Alas, she carelessly tosses them away in idolatrous worship. She becomes an adulterous wife, a prostitute who pays her ‘lovers’ (Egypt, Assyria, Babylon), even sacrificing her children to false gods (20,21). Jealous God will avenge her adultery by taking back His gifts. Her ‘lovers’ eventually abandon her, leaving her as naked as she was when God found her.
Jerusalem’s sins make ‘sisters’ Sodom and Samaria’s evils look virtuous, God says (51b). He will punish her: You bear the penalty for your lewdness and your abominations, declares the Lord (58). Yet He will rescue even these evil cities, making Sodom and Samaria like daughters (61). He will take back unfaithful Israel in a new covenant (8 and 59). Then, … you shall know that I am the Lord.(62)
Chapter 17 is a riddle/parable of two ‘great eagles’, a cedar, a vine (that image, again!). The first eagle plucks a twig from the tallest cedar in Lebanon[LM2] and drops it into the city market. It becomes a vine, reaching towards the other eagle. The vine asks the eagle to water it[LM3] , then plant it into good soil. The riddle: Will the vine live or die? What does this mean?

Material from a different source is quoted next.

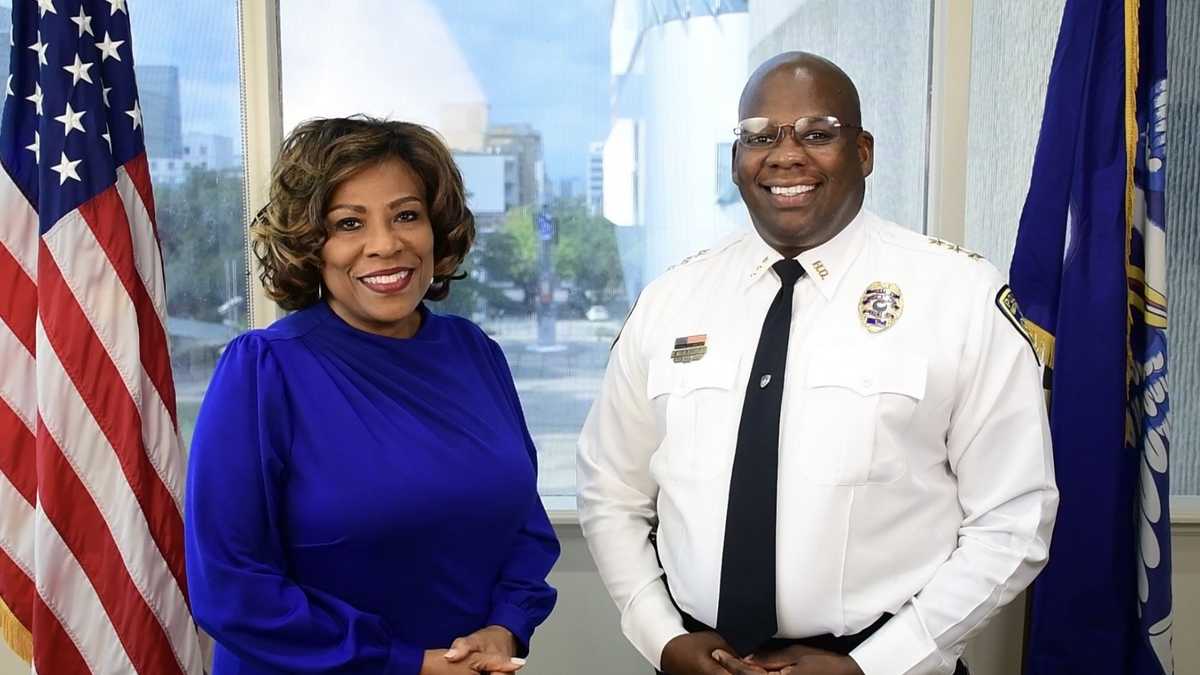 Baton Rouge police chief Murphy Paul resigns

The first eagle, Nebuchadnezzar, takes the ‘twig’, Jehoiachin (remember him? Bad!) to Babylon. Zedekiah (seed/vine) should rule Judah so it flourishes in Babylon (recall Jeremiah 29). But Zedekiah turns to Egypt, the other eagle, and not to Babylon. God punishes the king, in His anger at how he broke His covenant with Babylon. Judah will be scattered but other nations see that God alone is Lord. Finally, God Himself reenacts the allegory, with a different ending (22-24).
The old generational curse making children responsible for parents’ sins (Ex. 20; Num. 14; Deut. 5; Jer.32) is ended. Sadly, children will still suffer, but parents must be responsible for their own sins (18:3). If a righteous man’s son does evil, he’ll be punished; the righteous son of an evil man will not inherit his father’s wrongdoings – God’s gracious revision to this proverb. His final word? … make yourselves a new heart and a new spirit! (31)

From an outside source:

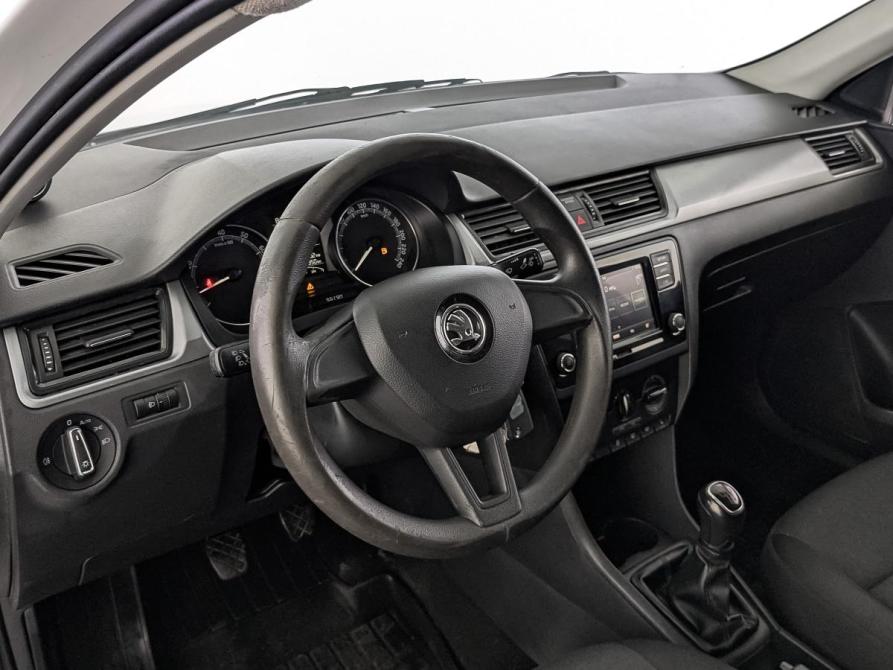 Skoda Rapid I Рестайлинг Москва  - изображение 15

Interpret: As in Jesus’ parables, we think in circles until we find the centre of its meaning, bending our straight-line mindsets to a new way of seeing.
The sexual imagery of chapter 16 tears away Judah’s façade, to reveal an ugliness that requires God’s deep reworking. The eagles/vine image shows Israel’s constant disobedience in turning away from the Lord to others than God’s choice.
Overturning a deadening proverb (18) foretells God’s redemptive work (thus killing the proverb’s effects): Jesus, becoming a curse on the Cross (Deut. 21:23), took on Himself our sins, from our first parents’ through all generations, setting us free from what keeps us from the Lord – our sin.
Apply: We guard our deceivable hearts against misusing God’s gifts, manufacturing our own take on His Word (or ignoring it altogether), gazing distractedly away from Him. Mindful that our children suffer for our mistakes, we stay close to Jesus so we make His choices.
Ask: Lord, how have I been careless with Your gifts to me? Have I taken my privilege as Your beloved so lightly? Will you give me the courage to look at my wrongdoing and heed Your corrections?
Pray: Lord, Your prophetic word is so often unfathomable. Help me to read with care, asking always for Your Spirit to guide until I can say, “I see! Thank You!” Then I keep asking for deeper understanding as You heal my blindness of heart.